TASK DETAILS: Take the lines below from the one with "Hyundai iX20 1.4 90 CV GPL" through the one with "Hallan pistas sobre el pasado acuático de Marte Hallan" and retype them exactly. Include nothing else, and no pictures.

DATA PROVIDED:
+---+

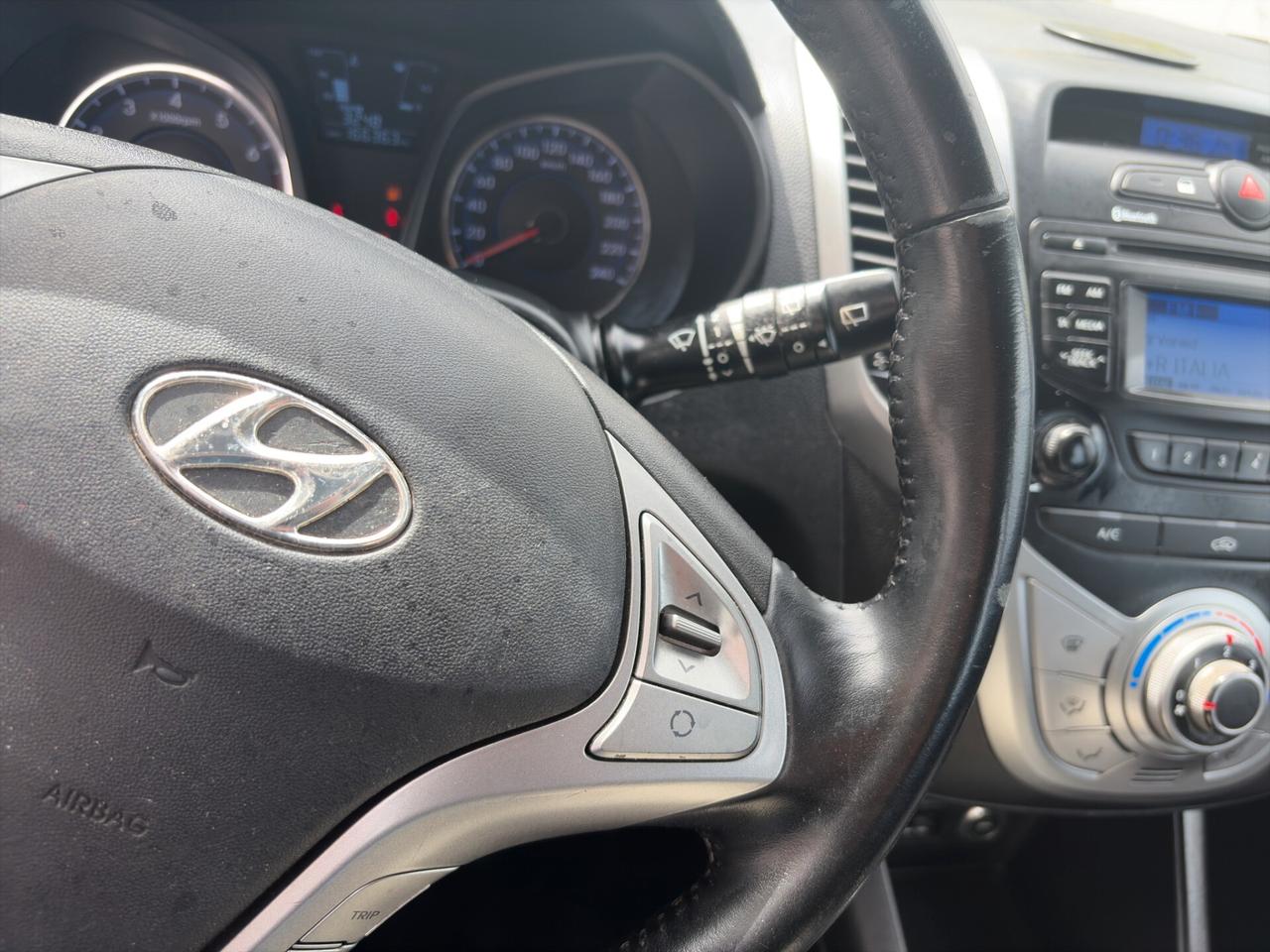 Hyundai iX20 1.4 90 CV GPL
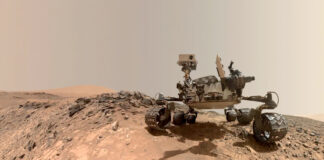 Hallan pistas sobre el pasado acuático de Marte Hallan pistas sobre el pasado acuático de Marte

+---+

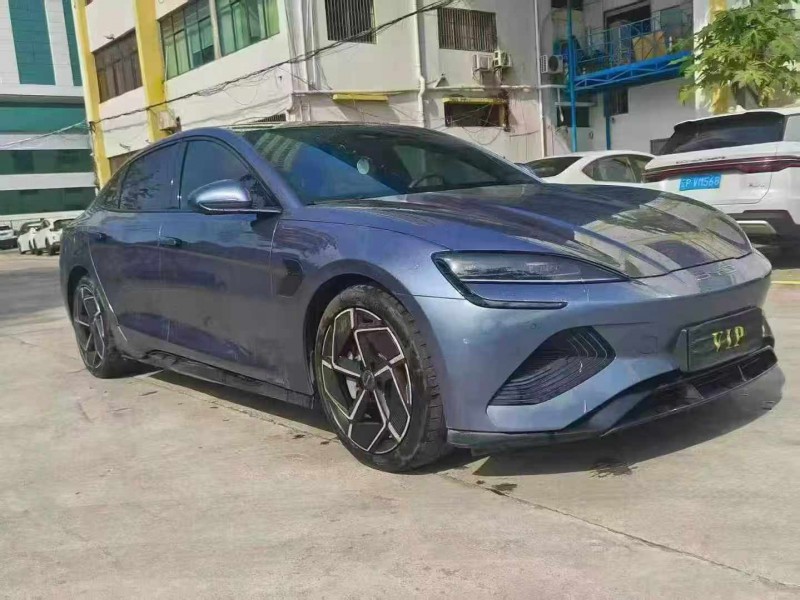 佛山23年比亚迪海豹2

+---+

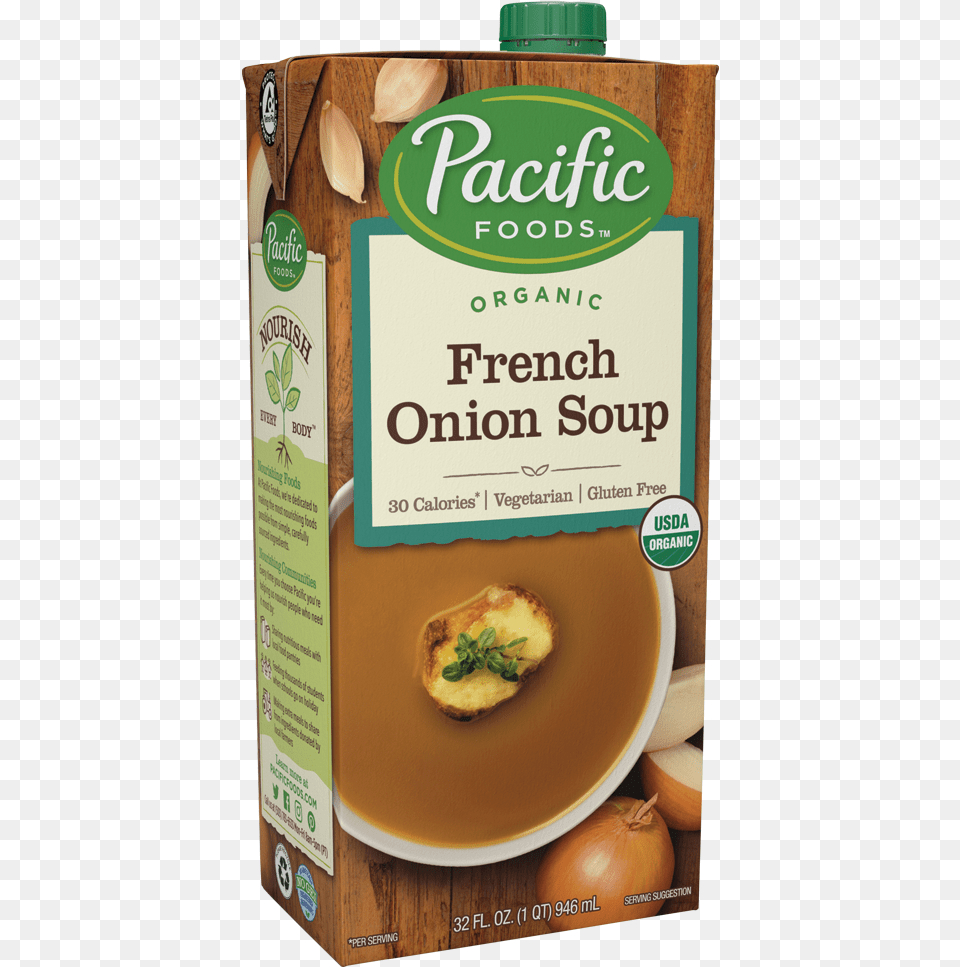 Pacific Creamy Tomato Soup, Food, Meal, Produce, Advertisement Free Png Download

+---+

SOLUTION FOR THIS PROBLEM:
 Hyundai iX20 1.4 90 CV GPL
 Hallan pistas sobre el pasado acuático de Marte Hallan pistas sobre el pasado acuático de Marte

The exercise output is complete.